Что же касается грусти, которая владела мной в юности, то ее вызывала не нужда в развлечениях, которых у меня было достаточно, и не потребность в друзьях, которых я находил повсюду, - она была симптомом естественного недуга души, который вызвал во мне любовь к одиночеству и уединению, подавил тягу к развлечениям и забавам и сорвал с плеч крылья молодости; в жизни своей я уподобился горному озеру, которое в грустном спокойствии отражает образы призраков, переливы облаков и тени ветвей, но не находит выхода, чтобы звонким ручьем ринуться к морю.

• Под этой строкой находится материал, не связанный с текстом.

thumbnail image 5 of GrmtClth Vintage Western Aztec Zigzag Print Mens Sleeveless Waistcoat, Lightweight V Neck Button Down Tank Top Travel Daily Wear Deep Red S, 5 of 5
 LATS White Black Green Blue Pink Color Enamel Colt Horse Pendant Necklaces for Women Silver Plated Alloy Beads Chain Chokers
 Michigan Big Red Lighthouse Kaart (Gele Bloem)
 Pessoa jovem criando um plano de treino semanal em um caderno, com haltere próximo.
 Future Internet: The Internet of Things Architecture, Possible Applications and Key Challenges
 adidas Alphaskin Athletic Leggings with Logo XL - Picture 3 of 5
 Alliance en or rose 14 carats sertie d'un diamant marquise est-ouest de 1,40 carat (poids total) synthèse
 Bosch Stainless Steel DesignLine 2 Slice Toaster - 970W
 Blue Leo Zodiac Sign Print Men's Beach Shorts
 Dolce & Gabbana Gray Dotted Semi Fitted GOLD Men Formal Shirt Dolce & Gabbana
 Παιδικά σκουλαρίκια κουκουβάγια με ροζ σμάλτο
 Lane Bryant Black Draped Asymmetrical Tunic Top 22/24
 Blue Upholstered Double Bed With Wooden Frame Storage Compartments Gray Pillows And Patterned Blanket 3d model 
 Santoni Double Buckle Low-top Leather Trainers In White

Такова была моя жизнь, пока мне не исполнилось восемнадцать лет. И вот тогда я как бы поднялся на горный пик, в задумчивости взглянув на мир, и взору моему открылись пути людей, нивы их чаяний, кручи забот, пещеры законов и традиций.

В том году я был рожден заново, ибо жизнь человека, который не был зачат грустью, рожден отчаянием и положен любовью в колыбель грез, подобна белой, пустой странице в книге бытия.

В том году я почувствовал, что небесные ангелы смотрят на меня из-под ресниц прекрасной женщины, и увидел, как демоны ада бушуют и пляшут в груди преступника. Тот, кто не сталкивался с ангелами и демонами на почве жизненных превратностей, навсегда останется бесчувственным невеждой.